** TASK BRIEF **
Could you filter the listing for lines with the word "quartos" and return them?

↓↓↓

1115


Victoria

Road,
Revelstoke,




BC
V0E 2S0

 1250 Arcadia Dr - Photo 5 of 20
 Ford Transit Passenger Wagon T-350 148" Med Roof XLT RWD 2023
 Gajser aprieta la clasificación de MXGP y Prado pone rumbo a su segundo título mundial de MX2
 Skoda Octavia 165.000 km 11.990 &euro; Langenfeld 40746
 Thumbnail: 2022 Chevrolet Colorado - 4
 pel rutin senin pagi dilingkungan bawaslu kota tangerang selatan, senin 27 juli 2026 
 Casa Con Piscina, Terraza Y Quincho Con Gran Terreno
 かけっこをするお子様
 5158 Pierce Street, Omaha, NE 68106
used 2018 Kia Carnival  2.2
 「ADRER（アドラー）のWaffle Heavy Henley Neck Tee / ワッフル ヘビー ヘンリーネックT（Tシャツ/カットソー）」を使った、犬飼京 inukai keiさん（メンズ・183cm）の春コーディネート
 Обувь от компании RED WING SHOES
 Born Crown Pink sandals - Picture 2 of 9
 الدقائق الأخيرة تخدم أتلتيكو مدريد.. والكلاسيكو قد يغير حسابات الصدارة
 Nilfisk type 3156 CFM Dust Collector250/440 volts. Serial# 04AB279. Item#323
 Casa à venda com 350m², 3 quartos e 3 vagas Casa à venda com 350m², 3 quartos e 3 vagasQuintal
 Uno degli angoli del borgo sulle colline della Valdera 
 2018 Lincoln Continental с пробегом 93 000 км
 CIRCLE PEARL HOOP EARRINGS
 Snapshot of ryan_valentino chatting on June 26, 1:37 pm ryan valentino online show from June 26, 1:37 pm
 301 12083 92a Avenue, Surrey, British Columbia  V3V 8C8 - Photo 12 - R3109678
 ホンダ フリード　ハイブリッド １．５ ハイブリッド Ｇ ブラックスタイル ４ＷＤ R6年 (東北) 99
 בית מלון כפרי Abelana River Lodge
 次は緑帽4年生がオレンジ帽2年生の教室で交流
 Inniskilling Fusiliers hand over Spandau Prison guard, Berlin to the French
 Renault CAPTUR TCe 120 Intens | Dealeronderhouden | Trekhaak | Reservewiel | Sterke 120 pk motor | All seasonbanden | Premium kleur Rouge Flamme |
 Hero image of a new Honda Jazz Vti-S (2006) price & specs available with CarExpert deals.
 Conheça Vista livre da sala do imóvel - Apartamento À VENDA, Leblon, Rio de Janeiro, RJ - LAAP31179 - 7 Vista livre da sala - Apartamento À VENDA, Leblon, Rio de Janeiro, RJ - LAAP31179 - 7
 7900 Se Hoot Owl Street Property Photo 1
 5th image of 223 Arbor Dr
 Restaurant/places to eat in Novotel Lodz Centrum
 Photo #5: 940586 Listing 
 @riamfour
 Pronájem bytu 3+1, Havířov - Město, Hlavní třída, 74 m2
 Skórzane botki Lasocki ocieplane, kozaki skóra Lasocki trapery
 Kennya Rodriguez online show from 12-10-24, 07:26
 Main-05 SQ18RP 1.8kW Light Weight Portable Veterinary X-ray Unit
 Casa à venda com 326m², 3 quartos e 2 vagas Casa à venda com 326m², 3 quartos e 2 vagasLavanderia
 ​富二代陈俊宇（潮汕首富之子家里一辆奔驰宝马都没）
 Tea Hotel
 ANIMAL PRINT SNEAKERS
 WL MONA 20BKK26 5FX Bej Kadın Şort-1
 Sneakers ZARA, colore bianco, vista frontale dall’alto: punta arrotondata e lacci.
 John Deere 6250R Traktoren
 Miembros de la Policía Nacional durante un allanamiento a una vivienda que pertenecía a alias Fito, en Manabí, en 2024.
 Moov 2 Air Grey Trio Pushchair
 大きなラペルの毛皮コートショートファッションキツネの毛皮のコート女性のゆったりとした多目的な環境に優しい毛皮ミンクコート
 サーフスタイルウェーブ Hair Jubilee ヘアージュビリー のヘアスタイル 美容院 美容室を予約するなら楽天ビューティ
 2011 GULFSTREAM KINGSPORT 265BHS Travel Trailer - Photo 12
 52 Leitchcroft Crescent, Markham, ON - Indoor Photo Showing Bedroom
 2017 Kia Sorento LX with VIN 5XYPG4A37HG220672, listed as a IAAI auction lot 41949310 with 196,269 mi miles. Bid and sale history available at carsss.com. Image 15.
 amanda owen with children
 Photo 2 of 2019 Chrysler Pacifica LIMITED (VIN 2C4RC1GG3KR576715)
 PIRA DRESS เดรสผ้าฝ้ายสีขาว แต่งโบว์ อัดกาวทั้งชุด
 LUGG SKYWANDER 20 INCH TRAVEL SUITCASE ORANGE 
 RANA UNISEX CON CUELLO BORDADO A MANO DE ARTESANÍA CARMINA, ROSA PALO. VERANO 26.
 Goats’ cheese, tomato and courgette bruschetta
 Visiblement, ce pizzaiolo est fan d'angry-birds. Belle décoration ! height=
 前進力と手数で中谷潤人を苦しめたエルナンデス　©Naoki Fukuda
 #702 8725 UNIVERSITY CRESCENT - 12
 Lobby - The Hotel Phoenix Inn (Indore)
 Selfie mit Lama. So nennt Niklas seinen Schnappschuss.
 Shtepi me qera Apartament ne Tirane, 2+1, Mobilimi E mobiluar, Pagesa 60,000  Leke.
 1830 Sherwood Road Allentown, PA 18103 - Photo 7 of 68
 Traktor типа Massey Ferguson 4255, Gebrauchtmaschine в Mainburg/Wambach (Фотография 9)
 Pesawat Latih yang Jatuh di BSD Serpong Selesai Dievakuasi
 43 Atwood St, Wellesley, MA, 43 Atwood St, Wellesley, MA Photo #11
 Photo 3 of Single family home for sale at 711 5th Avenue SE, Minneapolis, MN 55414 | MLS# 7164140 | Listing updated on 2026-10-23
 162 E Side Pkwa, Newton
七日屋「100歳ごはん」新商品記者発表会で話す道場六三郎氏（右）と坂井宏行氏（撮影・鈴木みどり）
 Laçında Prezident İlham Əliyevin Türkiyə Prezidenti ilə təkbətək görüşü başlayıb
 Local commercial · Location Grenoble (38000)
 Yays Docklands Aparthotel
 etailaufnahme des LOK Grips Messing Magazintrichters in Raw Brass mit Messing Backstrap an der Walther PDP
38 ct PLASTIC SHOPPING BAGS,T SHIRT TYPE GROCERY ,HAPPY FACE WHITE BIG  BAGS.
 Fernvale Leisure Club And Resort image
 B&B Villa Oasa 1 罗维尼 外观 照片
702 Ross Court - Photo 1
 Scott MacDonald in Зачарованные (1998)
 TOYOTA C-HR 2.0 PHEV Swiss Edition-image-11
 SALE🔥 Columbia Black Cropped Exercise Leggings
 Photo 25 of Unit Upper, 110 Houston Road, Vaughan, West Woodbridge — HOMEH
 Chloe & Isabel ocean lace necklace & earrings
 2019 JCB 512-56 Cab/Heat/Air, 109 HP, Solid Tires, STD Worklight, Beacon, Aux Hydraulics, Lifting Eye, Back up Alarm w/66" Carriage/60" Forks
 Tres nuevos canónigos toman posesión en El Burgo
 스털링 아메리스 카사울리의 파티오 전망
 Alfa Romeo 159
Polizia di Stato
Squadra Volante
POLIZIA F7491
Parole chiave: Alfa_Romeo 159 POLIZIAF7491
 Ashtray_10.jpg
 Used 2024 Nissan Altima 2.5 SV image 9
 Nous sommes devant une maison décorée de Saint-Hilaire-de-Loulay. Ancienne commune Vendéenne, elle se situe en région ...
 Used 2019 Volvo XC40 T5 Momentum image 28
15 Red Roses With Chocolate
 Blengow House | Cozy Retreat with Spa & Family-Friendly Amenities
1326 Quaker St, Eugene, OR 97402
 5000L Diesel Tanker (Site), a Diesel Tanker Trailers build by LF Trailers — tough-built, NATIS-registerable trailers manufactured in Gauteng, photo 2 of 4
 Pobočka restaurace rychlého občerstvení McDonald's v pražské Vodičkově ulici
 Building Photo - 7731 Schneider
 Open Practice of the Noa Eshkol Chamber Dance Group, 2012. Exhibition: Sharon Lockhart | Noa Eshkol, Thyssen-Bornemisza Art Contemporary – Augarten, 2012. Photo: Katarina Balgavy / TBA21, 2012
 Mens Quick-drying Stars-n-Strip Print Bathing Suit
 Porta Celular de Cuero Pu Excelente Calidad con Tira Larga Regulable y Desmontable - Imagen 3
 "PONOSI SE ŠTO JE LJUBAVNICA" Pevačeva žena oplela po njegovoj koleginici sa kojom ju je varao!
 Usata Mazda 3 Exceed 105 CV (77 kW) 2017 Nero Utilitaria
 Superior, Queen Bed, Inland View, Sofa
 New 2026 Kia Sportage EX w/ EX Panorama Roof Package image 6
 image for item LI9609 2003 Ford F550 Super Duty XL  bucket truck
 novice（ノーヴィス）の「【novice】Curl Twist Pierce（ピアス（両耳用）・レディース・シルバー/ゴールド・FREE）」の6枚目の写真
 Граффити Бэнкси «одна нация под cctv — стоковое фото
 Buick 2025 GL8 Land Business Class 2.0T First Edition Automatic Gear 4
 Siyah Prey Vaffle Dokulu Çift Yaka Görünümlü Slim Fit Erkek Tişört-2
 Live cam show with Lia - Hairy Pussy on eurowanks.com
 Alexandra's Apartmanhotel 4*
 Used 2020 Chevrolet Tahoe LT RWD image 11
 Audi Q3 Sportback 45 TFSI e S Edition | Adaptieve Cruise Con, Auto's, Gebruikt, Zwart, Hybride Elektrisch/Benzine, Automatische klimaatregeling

↑↑↑

** WRITTEN SOLUTION **
 Casa à venda com 350m², 3 quartos e 3 vagas Casa à venda com 350m², 3 quartos e 3 vagasQuintal
 Casa à venda com 326m², 3 quartos e 2 vagas Casa à venda com 326m², 3 quartos e 2 vagasLavanderia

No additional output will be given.